My other alternative is to sit down and have a talk with the teeth: "Teeth, maybe you could just get a teeny cavity, so that the gums don't feel like they need to overcompensate for your ridiculous over achievement by acting up with their silly pockets?"

Yeah, that ought to work. Me thinks I'm out $100 for a fancy pocket soothing toothbrush.

Sunday, November 4, 2007

The Silver Lining

Why does it take 12 hours of continuous vomiting for me to just chill and relax my standards a bit?

I've been single parenting for 9 days. I was attempting to do it while maintaining the same rules/standards/whatever that I do when my husband is home. (My incredibly helpful, supportive, dish-doing husband....nothing like 9 days of doing your own dishes to make you appreciate your spouse!) No TV; Daily exercise; organic vegetables; clean house; Get to work on time; Volunteer; Everything.Perfect.

You know what? I can't do it.

Today, I let the kids watch 2 hours of TV. (My daughter normally watches about an hour/week.) They saw SpongeBob SquarePants for the very first time. I served
crackers and banana bread for lunch. No vegetables or fruits to be seen. I canceled my "Big Sister" activity for the day.

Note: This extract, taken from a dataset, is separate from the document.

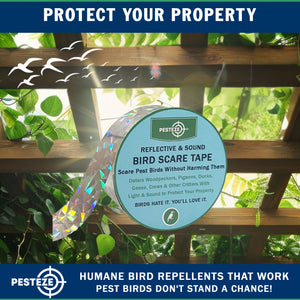 PESTEZE® Holographic Dual Sided Reflective & Sound Bird Scare Tape [1 Inch x 295 ft] Use in Yards & Farms to Protect Vegetables, Fruits, Crops & Buildings from Pest Birds & Critters without Harming them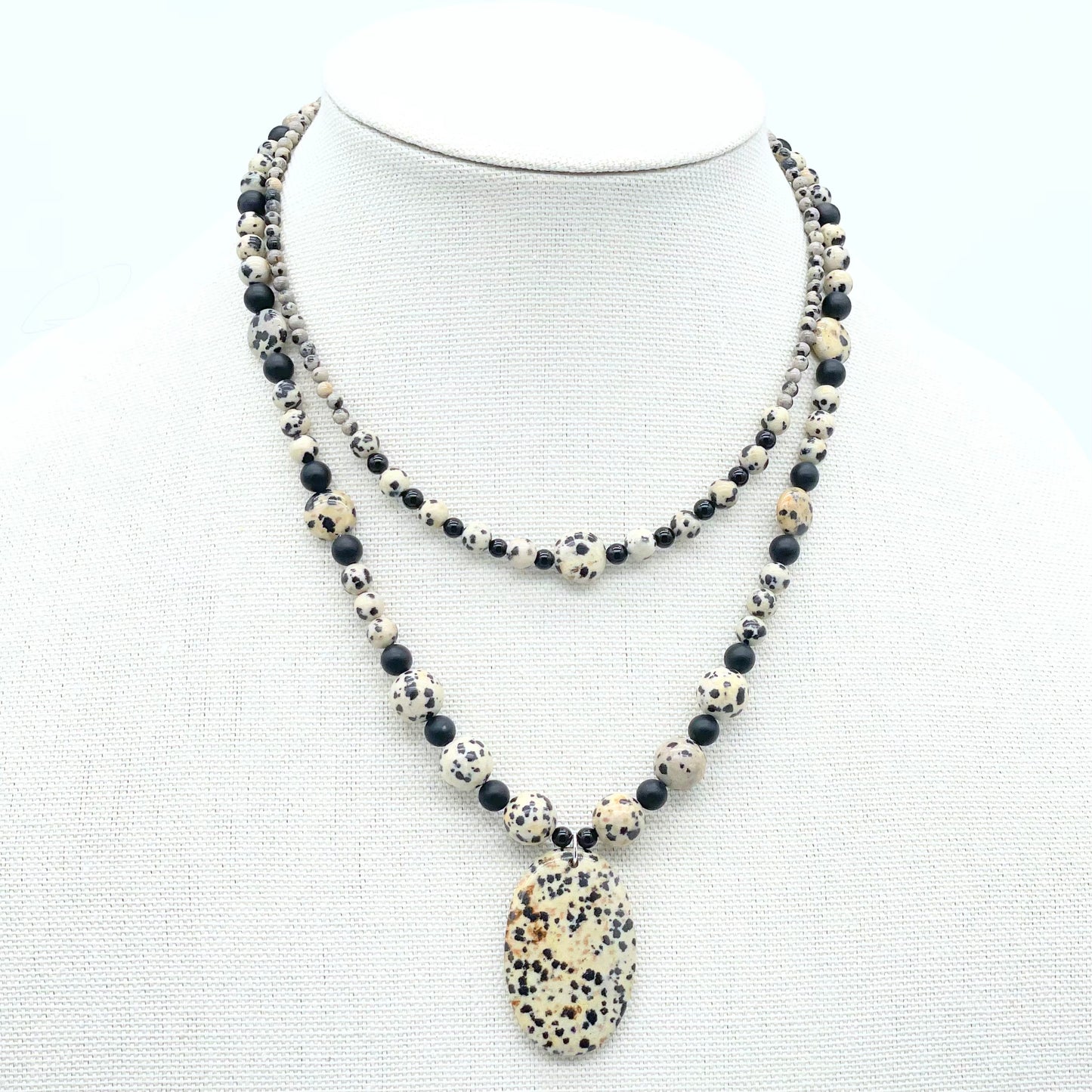 Dalmatian Jasper pendant necklace, handmade and adjustable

Husband D has been traveling to Asia 3-5 times/year for the last 5 years. I've always tried to manage our life on my own while he's gone. But today - today, I found a sitter to come help this afternoon. In 8 years, I've never done that before. We have sitters for dates - or when I need to work - stuff like that. I've never hired a sitter just so I can have a break. It feels positively decadent.

Everyone I know is working so hard to make sure our children have the ideal childhood. The best schools. The most stimulating toys. The healthiest foods. The most enriching activities.

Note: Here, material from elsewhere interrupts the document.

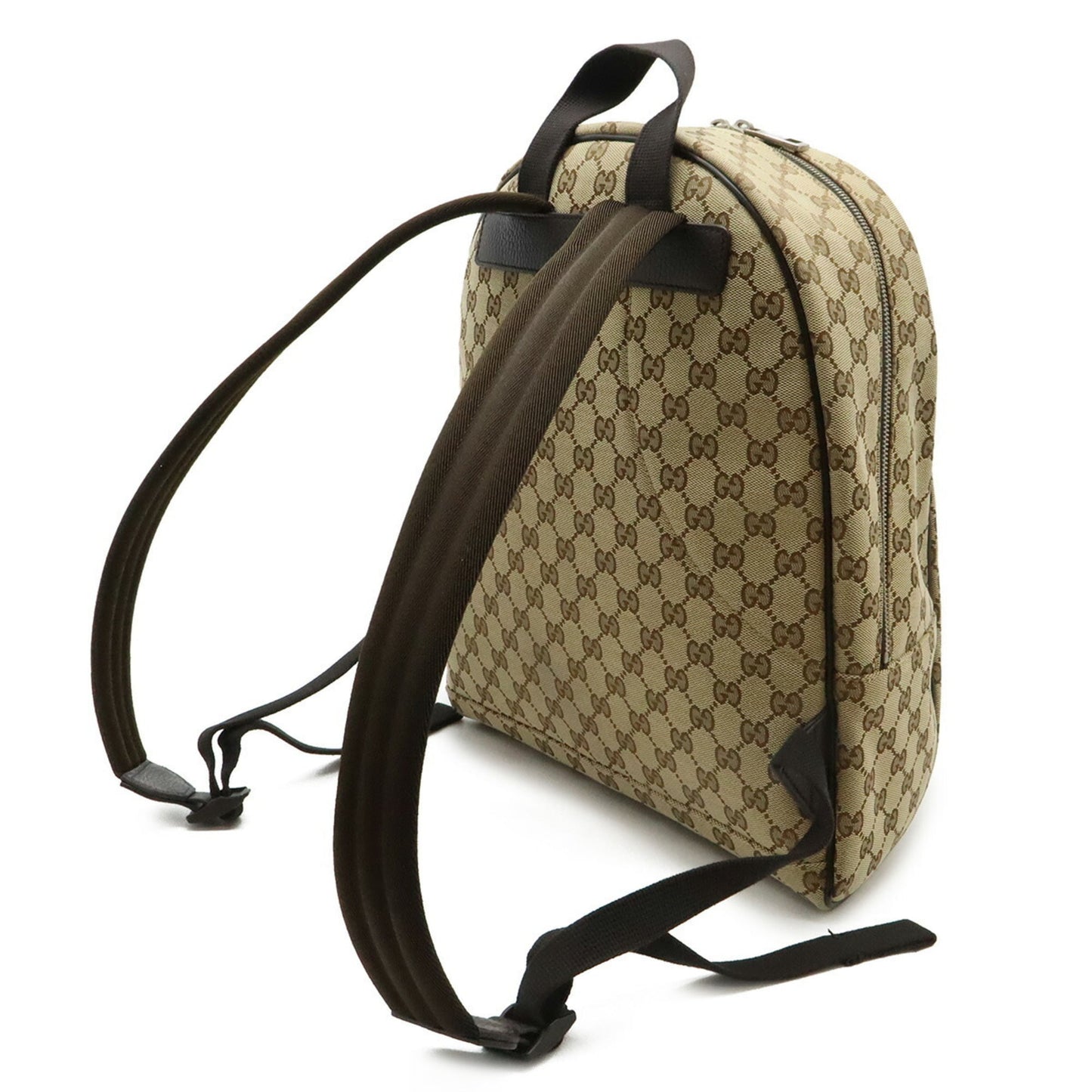 Gucci Gg Canvas Beige Dark Brown Gg Canvas Leather Backpack ( )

And we are all raising lovely, well-behaved, well-rounded, intelligent little creatures.

But you know what? SpongeBob SquarePants is really funny! Maybe a little decadent mind-numbing good-for-nothing time-wasting sprinkled in with all that enrichment is good for us.

Maybe the "best" childhood is the one that doesn't always focus on doing what is best all the time...

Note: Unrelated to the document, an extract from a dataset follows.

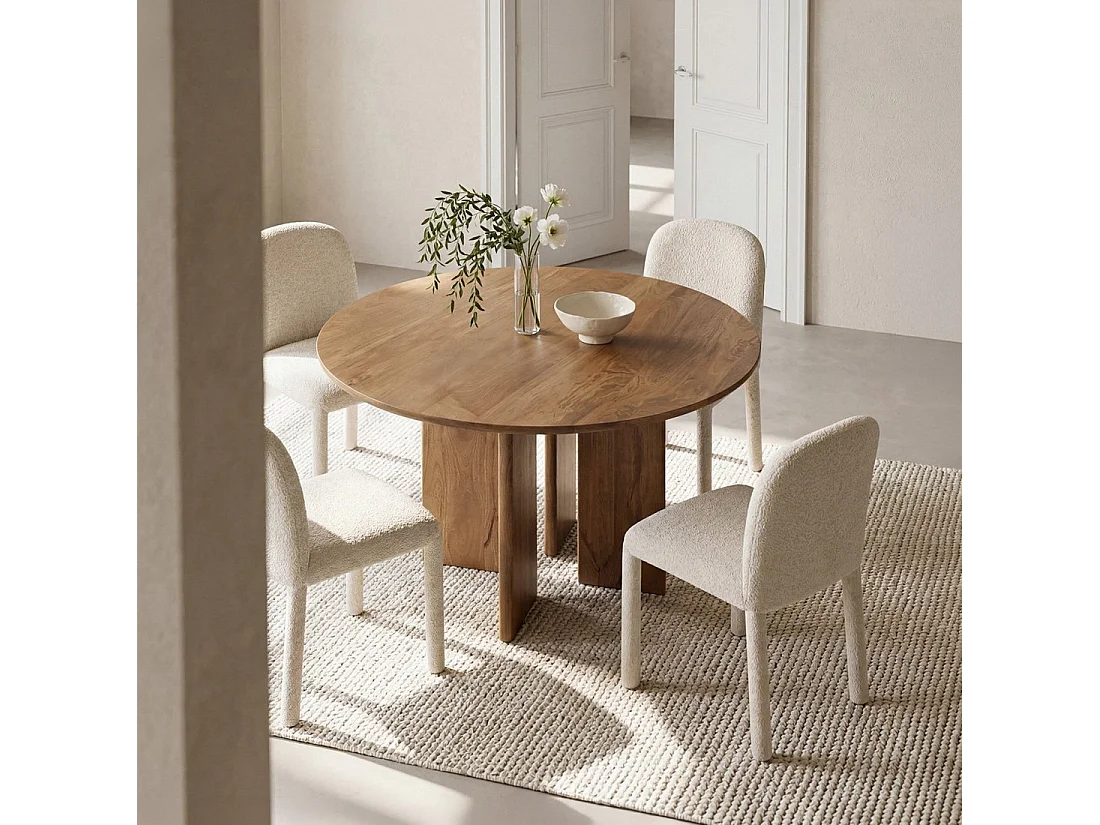 Table fixe en bois naturel 120x76 cm-Rhea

Saturday, November 3, 2007

Misery Loves Company

At least it's not just us?

http://www.msnbc.msn.com/id/21578012/

I guess I can't complain that I spent the day scrubbing my house with bleach. They had to scrub a whole school!

Friday, November 2, 2007

bugs

Son D goes to a home daycare once a week, while I go off to earn a meager living. This week, he was the ONLY child at the entire daycare who did not get a horrid stomach bug that involves copious amounts of vomiting and diarrhea. As I picked him up yesterday, yet another child was vomiting. (Leading to the fastest daycare pick-up in the history of time.)

I have become a hand-washing drill sergeant. Every three minutes, I bellow "Everyone! To the sink! Wash your Hands!" I'm rubbing tea-tree oil on anyone who stands still. (No, I have no idea if it really works to boost immunity, but it SMELLS like it does. That's good enough for me.)

Today, we are going to a neighborhood birthday party. Most of the kids who will be there are those who fell ill this week.

What are my chances of making it through the weekend without vomiting and diarrhea?

'tis the season, I suppose.

EDITED:
Barfing stared at 2 pm (including 3 times in the car! fun!) and is occurring approx. every 20 minutes.

Diarrhea came at 4 pm.

My dear husband is in China.

I have a huge proposal for work due at 5 pm. Had to cancel the sitter I had arranged so I could work all afternoon....

I sit at my computer and type furiously for 15 minutes, and then run to get barfed on, clean up, head back to the computer for furious typing. Repeat.

This has not been my most fun day ever. Back to the work typing.